より重要な点として、事実1について、日本とは異なり米国ではハーフィンダール指数やトップ4社あるいはトップ20社のシェアで見た市場集中度が上昇している。これは、GAFAに代表されるようなスーパースター企業が、その技術力を背景に市場シェアを急激に上昇させたことによる。この点に関して、ハーフィンダール指数で計測した市場集中度が日本において低下しているにもかかわらず、他の実証的な事実について米国とほぼ同じパターンが生じていることは一種のパズルといえる。米国における複数の理論的な研究が、集中度の上昇によってビジネス・ダイナミズムが低下するメカニズムを明らかにしていることを踏まえると、日本における「集中度の低下とビジネス・ダイナミズムの低下」という一見すると不可思議なパターンは、現在の日本で生じている事象を理解するための追加的な議論が必要であることを示唆している。

こうした動機を踏まえて、日本の市場集中度をより詳しく計測してみると、実は、ハーフィンダール指数に加えてトップ20社のシェアが低下(29.2%→27.9%)している一方で、各産業のトップ1%(注:産業・年によって異なるが、2018年の産業トップ1%に当たる企業数の中央値は100社)まで広げてそのシェアを見た場合には、むしろ上昇傾向にある(65.3%→67.3%)ことが分かる。

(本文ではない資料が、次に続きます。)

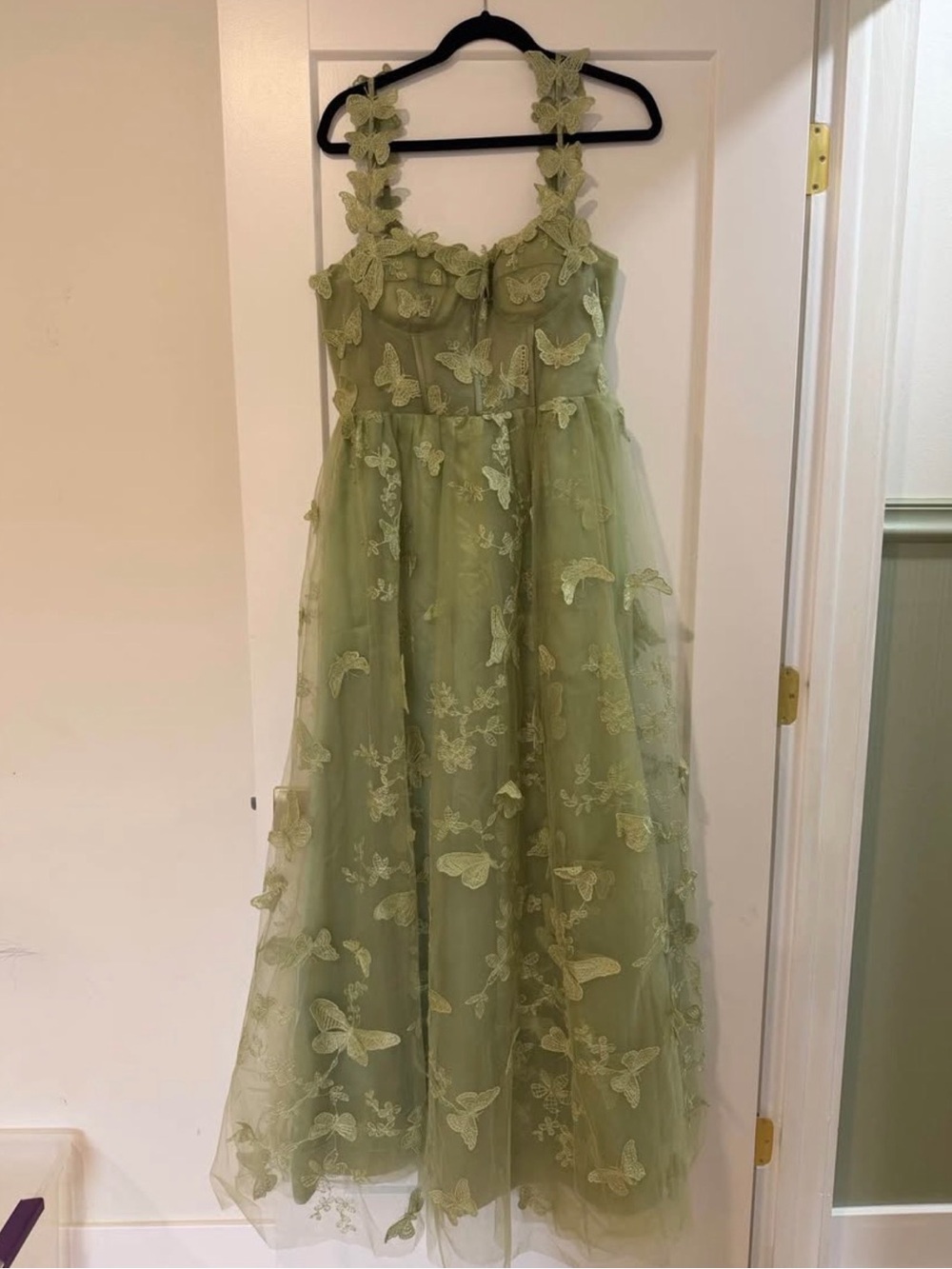 Sage Green Butterfly Fairycore Corset Dress | Size 14 | Cottagecore Formal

こうした計測をトップ10%まで広げても、そのシェアは上昇している(88.8%→90.3%)。広く知られている通り、ごく少数の大企業の売上高シェア変化に影響を受けるハーフィンダール指数には、企業規模に関する分布全体の動きを子細にとらえることが難しいという欠点がある。上記の結果は、日本における「集中度の低下」が各産業のフロントランナーのシェア低下によって生み出されている一方で、同時に「2番手」あるいは「中堅」の企業がシェアを伸ばしているという注目すべき事実を示すものである。

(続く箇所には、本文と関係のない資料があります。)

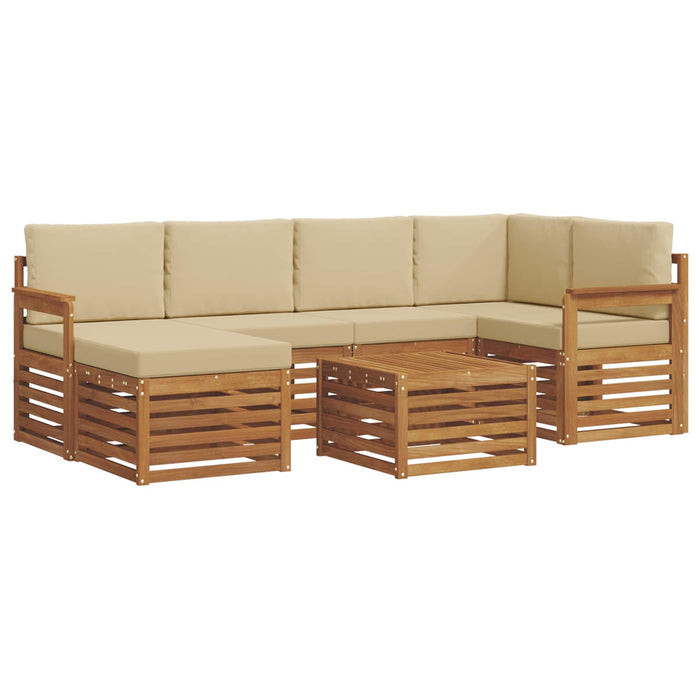 Seturi de canapele 7 pcs Natural și Bej Lemn Solid de Acacia - WALTI WALTI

重要な点として、これらの「2番手」あるいは「中堅企業」は、労働生産性の伸び率も高かった。例えば各産業のトップ20社の労働生産性(売上/従業員数)の年平均伸び率は0.8%だが、トップ10%(2018年の中央値は約1000社)のそれは2.1%だった。さらに、トップ20%以下を10分位で見ると、年平均伸び率は0.1%から0.0%程度である(図)。約90%の企業で労働生産性がほとんど伸びていないという状況の下で、非正規雇用の活用などもあって賃金の上昇が限定的なものとなる中で労働生産性を高めた「2番手」あるいは「中堅企業」を中心に、マークアップや利益率の上昇(事実2、3)、および、労働分配率の低下(事実4)が生じたことになる。

図:売上シェア10分位ごとの労働生産性伸び率

米国における既述の理論・実証研究では、スーパースター企業のシェア上昇が労働分配率の低下につながったとの見解が示されている(Autor et al., 2020)。具体的には、米国のフロンティア企業が当初はイノベーションをめぐる活発な競争を通じて新しい技術と市場を生み出し、生産性の向上をもたらしたが、やがて知的所有権やM&Aによる技術やデータの囲い込み、さらには政治的圧力によって、市場競争を阻害するようになった可能性が指摘されている。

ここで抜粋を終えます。